Work to complete -> Your answer should hold all lines of the entries that include the word "learn".
^^^^^^^^^^^^^^^^
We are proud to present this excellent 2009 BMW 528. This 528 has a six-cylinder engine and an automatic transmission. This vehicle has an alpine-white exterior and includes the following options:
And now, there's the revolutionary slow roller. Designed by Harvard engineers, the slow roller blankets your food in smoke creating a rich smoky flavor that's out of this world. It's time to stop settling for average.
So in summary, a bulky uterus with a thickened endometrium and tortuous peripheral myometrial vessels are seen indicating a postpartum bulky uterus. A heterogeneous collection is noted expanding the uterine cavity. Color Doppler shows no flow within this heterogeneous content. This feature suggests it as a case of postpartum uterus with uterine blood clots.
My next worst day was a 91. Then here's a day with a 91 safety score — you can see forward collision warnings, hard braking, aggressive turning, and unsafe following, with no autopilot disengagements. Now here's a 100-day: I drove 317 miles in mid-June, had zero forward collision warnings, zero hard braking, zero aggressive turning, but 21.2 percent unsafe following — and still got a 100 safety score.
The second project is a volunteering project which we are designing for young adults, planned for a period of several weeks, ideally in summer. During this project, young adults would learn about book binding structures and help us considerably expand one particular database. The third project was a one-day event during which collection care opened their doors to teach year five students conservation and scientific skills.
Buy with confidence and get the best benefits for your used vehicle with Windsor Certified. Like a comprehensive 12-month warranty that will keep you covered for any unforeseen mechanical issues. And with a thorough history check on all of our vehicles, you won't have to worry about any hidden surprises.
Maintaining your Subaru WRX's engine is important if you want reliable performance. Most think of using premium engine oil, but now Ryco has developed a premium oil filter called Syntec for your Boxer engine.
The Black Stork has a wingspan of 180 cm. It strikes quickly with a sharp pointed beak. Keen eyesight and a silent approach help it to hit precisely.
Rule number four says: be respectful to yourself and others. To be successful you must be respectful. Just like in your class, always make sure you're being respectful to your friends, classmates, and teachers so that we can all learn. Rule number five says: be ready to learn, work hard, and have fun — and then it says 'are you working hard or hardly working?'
^^^^^^^^^^^^^^^^
Written response ->
The second project is a volunteering project which we are designing for young adults, planned for a period of several weeks, ideally in summer. During this project, young adults would learn about book binding structures and help us considerably expand one particular database. The third project was a one-day event during which collection care opened their doors to teach year five students conservation and scientific skills.
Rule number four says: be respectful to yourself and others. To be successful you must be respectful. Just like in your class, always make sure you're being respectful to your friends, classmates, and teachers so that we can all learn. Rule number five says: be ready to learn, work hard, and have fun — and then it says 'are you working hard or hardly working?'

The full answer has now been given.